Symboliquement,
en matière d’information, nous vivons sous un régime d’absolu
bombardement informatif, dans une espèce de veille continue, sans
que nous ayons, pour ainsi dire, la possibilité de fermer les yeux.
Ainsi, ce qui semble urgent, c’est d’échapper à ce flux, de
trouver un refuge, en somme de défendre « le droit à ne pas être
informé ».
(Eduardo
Lourenço, La splendeur du chaos,
trad. Annie de Faria, L'Escampette, 2002)
Je pars samedi. Comme
il me tarde d'être à Marrakech : je me passerai d'internet, de
télé et de radio, de journaux, et me déconnecterai pendant une semaine de la
vie en France, dominée par ceux que j'appelle les « charognards », les journalistes qui se vautrent dans la fange.
Dans le Télérama
de cette semaine, je vois que je ne suis pas le seul à être
écœuré ; Bartabas, interviewé, dit : "je
suis choqué par l'exploitation commerciale qui en est faite par
certains médias, les chaînes d'info en continu ou ces journaux qui
publient des numéros spéciaux, avec les photos des victimes. Qu'on
fasse de l'argent avec ça me scandalise. Par ailleurs, ajouter du
drame au drame, c'est faire le jeu des terroristes, dont le but
premier est de nous faire flipper".
J'avoue être vraiment ravi de n'avoir pas assisté en janvier dernier,
après le premier attentat (je venais de monter sur le cargo), à cet étalage,
cette débauche de soi-disant information qui flatte les émotions
légitimes, les sentiments d'horreur tout aussi légitimes, sans le
moindre recul, comme si on était devant un film d'action et non pas une
tragédie.
"Cette
fin de siècle, d’une violence sans pareille, a la télévision
qu’elle mérite, et mérite la télévision qu’elle a",
ajoute Eduardo Lourenço dans le bel essai cité en exergue. Il
écrivait pourtant tout ça il y a une vingtaine d'années, et ça
s'est aggravé depuis. Oui, nous avons la télévision que nous
méritons, puisque nous avons l'imbécillité de la regarder.

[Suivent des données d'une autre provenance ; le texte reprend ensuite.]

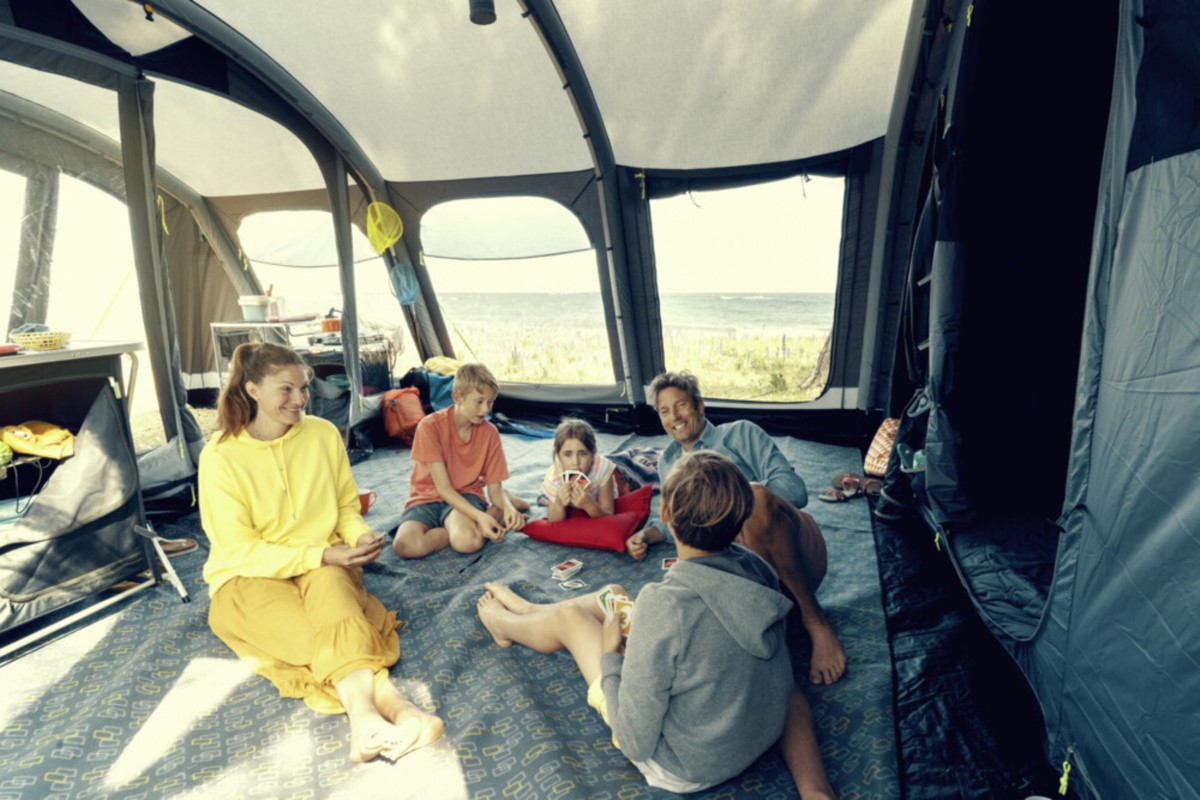 Carpets & Footprints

Nous
avons la politique belliqueuse que nous méritons, puisque nous ne
protestons jamais contre notre production d'armement, et qu'au
contraire, nous applaudissons les « charognards », quand ils se
gargarisent de nos fabuleuses ventes de Rafale. Nous vivons sous la
tyrannie d'un mode de vie que nous choisissons de moins en moins,
puisqu'il nous est imposé de l'extérieur par le libéralisme
triomphant : course à la consommation et au crédit, pollution
à outrance, gaspillage de l'eau et des ressources naturelles,
abandon des vieillards, absence de réelle éducation des enfants
qu'on abandonne aux machines et à la technologie (comme si la
tendresse et les sentiments n'étaient pas plus importants que des
jeux vidéo débilitants), insuffisante connaissance de notre langue –
qui est notre vraie patrie (d'où la violence des exclus, qui la maîtrisent mal), pauvreté
spirituelle généralisée que ne peut combler la société
marchande...
Résultat :
l'intolérance reprend du poil de la bête. Ça m'avait déjà frappé
lors de mon retour du cargo en avril, en entendant les conversations
au bar du TGV. On était à trois mois des attentats de Charlie
pourtant. Je pensais que c'était plus ou moins tassé. Mais le
racisme avait lâché la bonde et sa bêtise rance puait à plein
nez. Mêmes impressions dans l'ascenseur de ma tour, où j'ai entendu des mots nauséabonds ; là encore, je découvrais avec
angoisse les constatations d'Eduardo Lourenço : "Au
cœur d’une culture comme la nôtre, qui vit la tolérance comme
une donnée, avec une bonne conscience totale - l’intolérant,
c’est l’autre, celui qui n’a pas encore accédé au modèle
démocratique occidental tel que des siècles de lutte pour la
tolérance l’ont inventé - sommes-nous en situation de percevoir
encore les vrais contours de l’intolérable ?"
Et,
bien sûr, le « F Haine » surfe sur la vague avec le plus
grand bonheur : plus ses mots sont grossiers, perversement
ambigus, plus ça marche. D'ailleurs, on n'entend qu'eux à longueur de radio,
alors que je n'y ai encore jamais entendu les gens de « Nouvelle
donne », par exemple. Or, nous sommes en période électorale,
et chacun des groupes présentant des candidats devrait avoir le même
temps de parole. Que fait le CSA ?
Pendant
une semaine, je serai sourd, fort heureusement, et me passerai bien
de lire ou d'écouter les « charognards ».